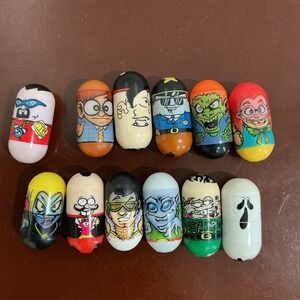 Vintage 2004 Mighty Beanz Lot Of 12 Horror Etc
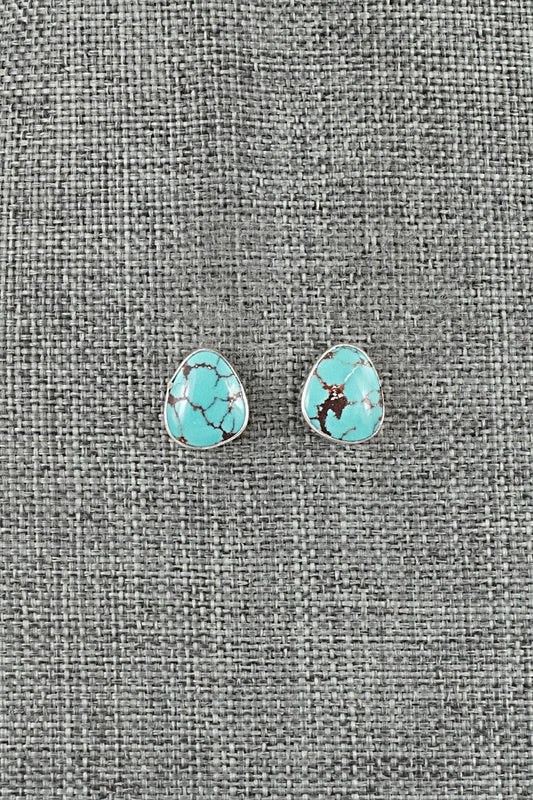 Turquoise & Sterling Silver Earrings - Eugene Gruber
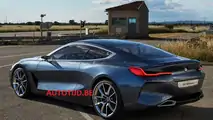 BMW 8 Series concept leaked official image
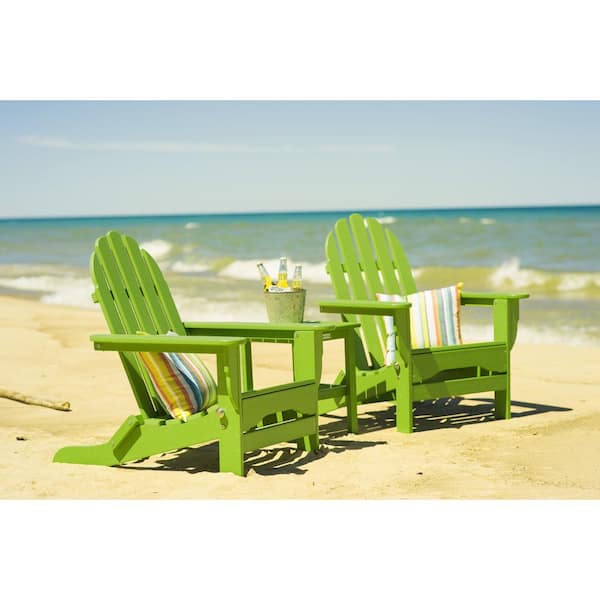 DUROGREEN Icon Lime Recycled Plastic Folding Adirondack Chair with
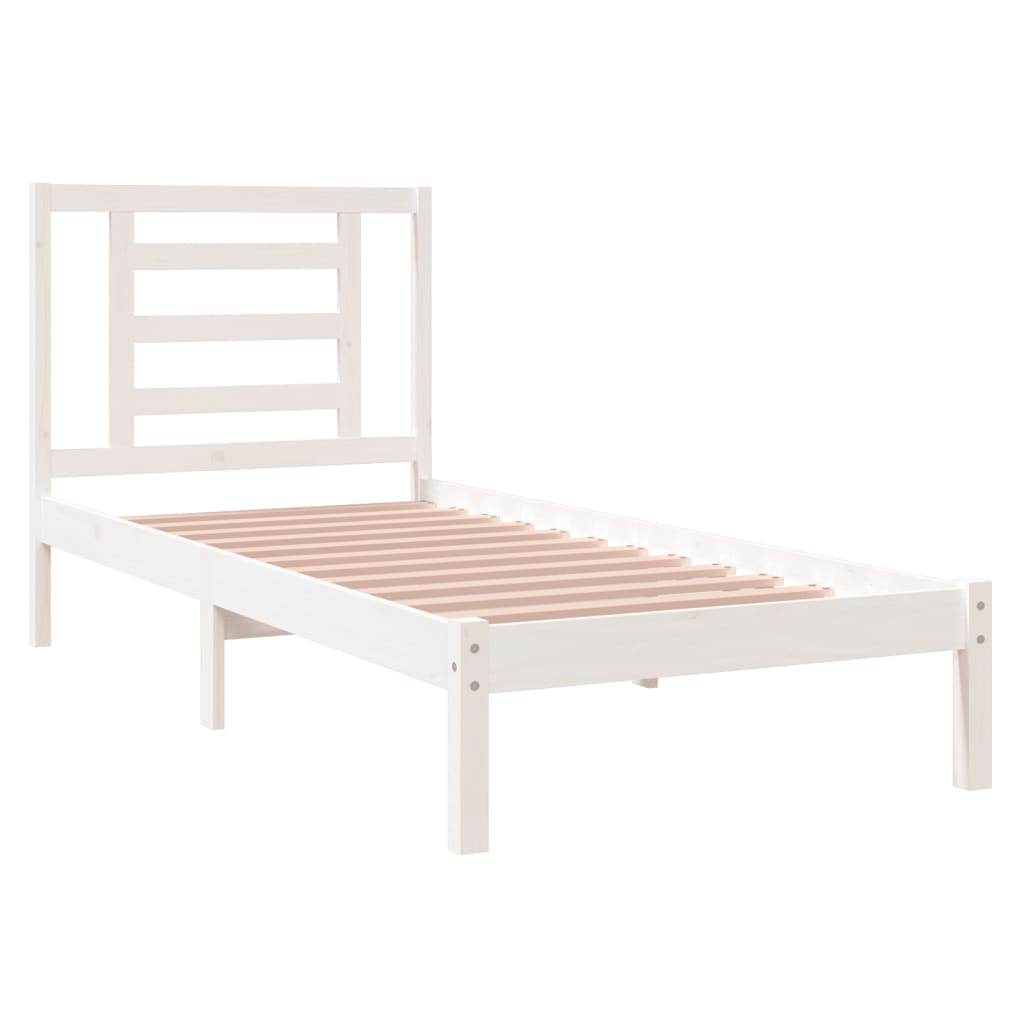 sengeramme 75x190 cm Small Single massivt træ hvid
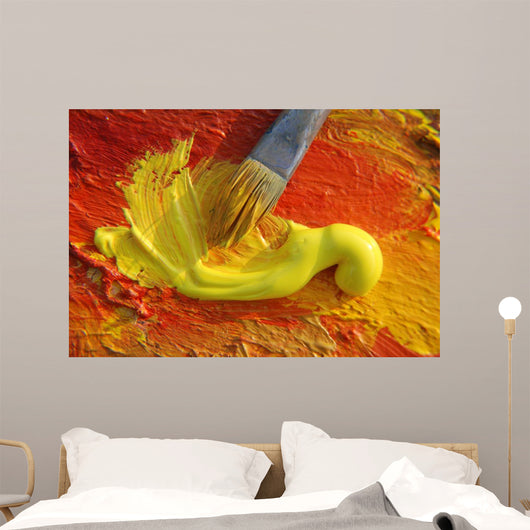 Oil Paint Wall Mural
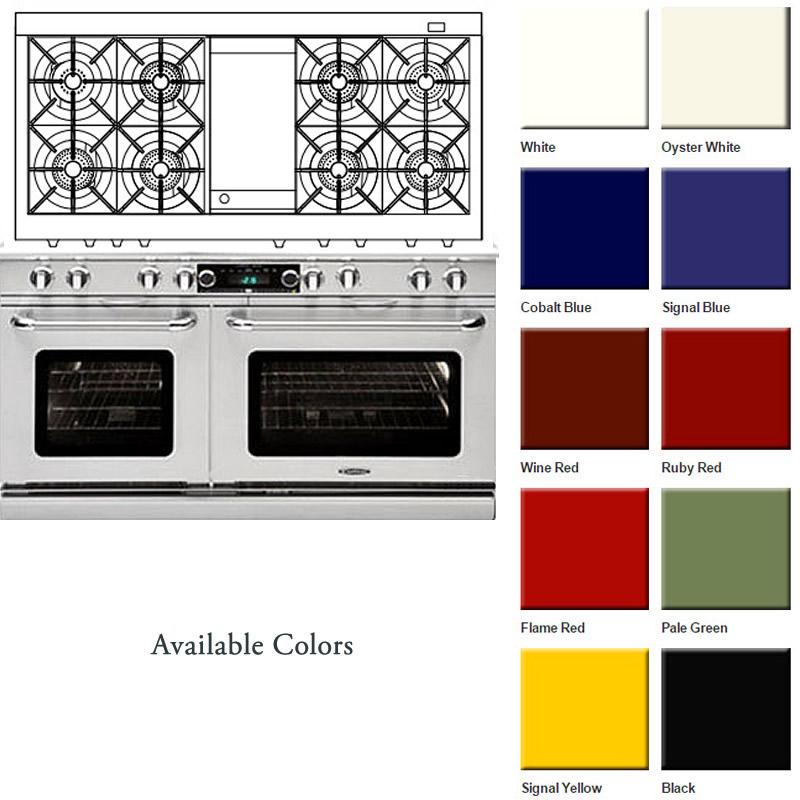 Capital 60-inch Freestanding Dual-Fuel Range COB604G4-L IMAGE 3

#### PROBLEM REQUIREMENTS
Without the pictures, copy out all the records above exactly.

#### PROBLEM SOLUTION
 Vintage 2004 Mighty Beanz Lot Of 12 Horror Etc
 Turquoise & Sterling Silver Earrings - Eugene Gruber
 BMW 8 Series concept leaked official image
 DUROGREEN Icon Lime Recycled Plastic Folding Adirondack Chair with
 sengeramme 75x190 cm Small Single massivt træ hvid
 Oil Paint Wall Mural
 Capital 60-inch Freestanding Dual-Fuel Range COB604G4-L IMAGE 3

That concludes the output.